Les conclusions de ce rapport sont toujours d'actualité.
De même, si ses auteurs évoquent la possibilité d'une filialisation, idée que nous ne partageons pas, ils remarquent que cette décision relève de l'Etat actionnaire et non de l'entreprise. Par ailleurs, ils notent la nécessité de recapitaliser fortement cette activité - entre 1, 5 et 2 milliards d'euros - tout en soulignant les difficultés qu'il y aurait à séparer des activités encore très intégrées.
Quelle lucidité !
A ma demande, la SNCF a bien voulu me communiquer quelques premiers éléments de bilan après une année d'application du plan
Certains éléments sont positifs.
En 2004, la ponctualité des acheminements s'est améliorée.
Le parc de locomotives utilisées a diminué sensiblement, au profit des unités les plus modernes.
La SNCF aurait gagné près de 3, 5 millions de tonnes de nouveaux trafics sur l'année - j'avoue être un peu sceptique -, ce qui serait supérieur aux objectifs initiaux.
Toutefois, en 2004, si 100 prestations de transports ont été arrêtées, 80 % des dessertes sont encore considérées comme déficitaires.
Les prix ont progressé en moyenne de 5 % au cours de l'année, certains ayant augmenté beaucoup plus.
S'inscrivant dans une perspective européenne, qu'il faut souligner, Fret SNCF se prépare à obtenir les certificats de sécurité pour entrer sur les réseaux étrangers.
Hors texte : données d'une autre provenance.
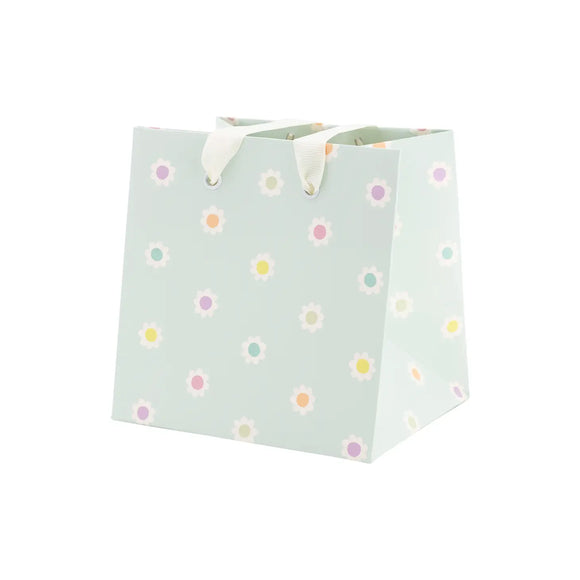 Pack of 6 small blue daisy gift bags or loot bags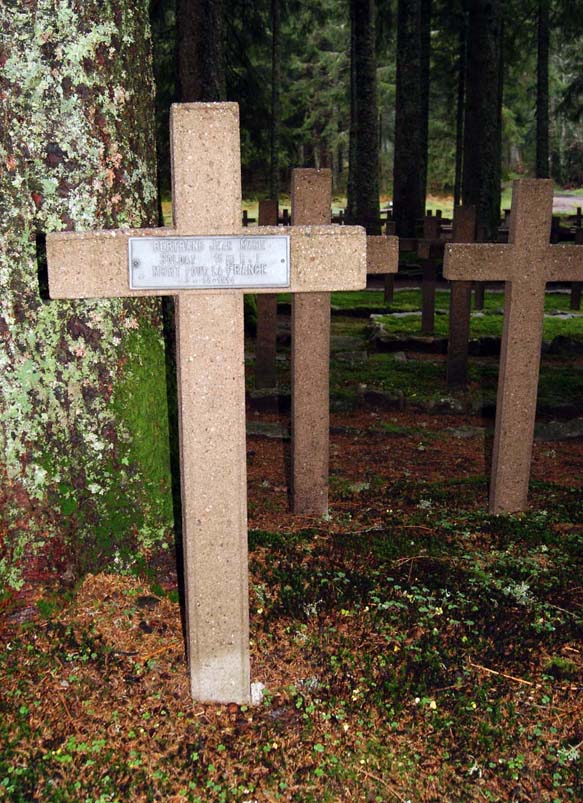 Le cimetière français Duchesne. Tombe d'un Chasseur du 215è R.I. tué le 2 décembre 1914.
Au total, après un an d'application, la SNCF se veut plutôt optimiste sur le déroulement de ce plan qu'elle déclare conforme aux objectifs initiaux. Toutefois, elle admet que son recentrage sur les trafics directs « aura forcément un impact sur l'organisation de l'exploitation, notamment sur la répartition territoriale des centres de production comme les triages de wagons ».
En outre, la SNCF ne chiffre pas les volumes perdus ou en instance de l'être en raison du relèvement des tarifs ou de l'abandon pur et simple de certains clients.
L'amélioration de la régularité et la réduction du nombre de trains « calés » - expression de spécialiste pour désigner les trains qui, à certains moments, ne circulent pas - sont le résultat de la suppression de nombreux trafics, ce qui libère des sillons, allège les triages, demande moins d'hommes et de matériels.
La concentration de l'activité semble focalisée sur quarante-cinq à soixante grands comptes ; le filtrage des dessertes non rentables a clairement marqué l'année 2004 et se poursuivra en 2005.
Depuis qu'il est en vigueur, le « plan fret » a suscité des réactions dubitatives, inquiètes, parfois même hostiles, des clients aux personnels.
L'association des usagers de transport de fret, l'AUTF, qui rassemble les chargeurs, a fait savoir que les augmentations largement imposées par Fret SNCF étaient souvent « sans réelle justification commerciale et surtout sans commune mesure avec les pratique anciennes ». La brutalité de ces augmentations est également contestée.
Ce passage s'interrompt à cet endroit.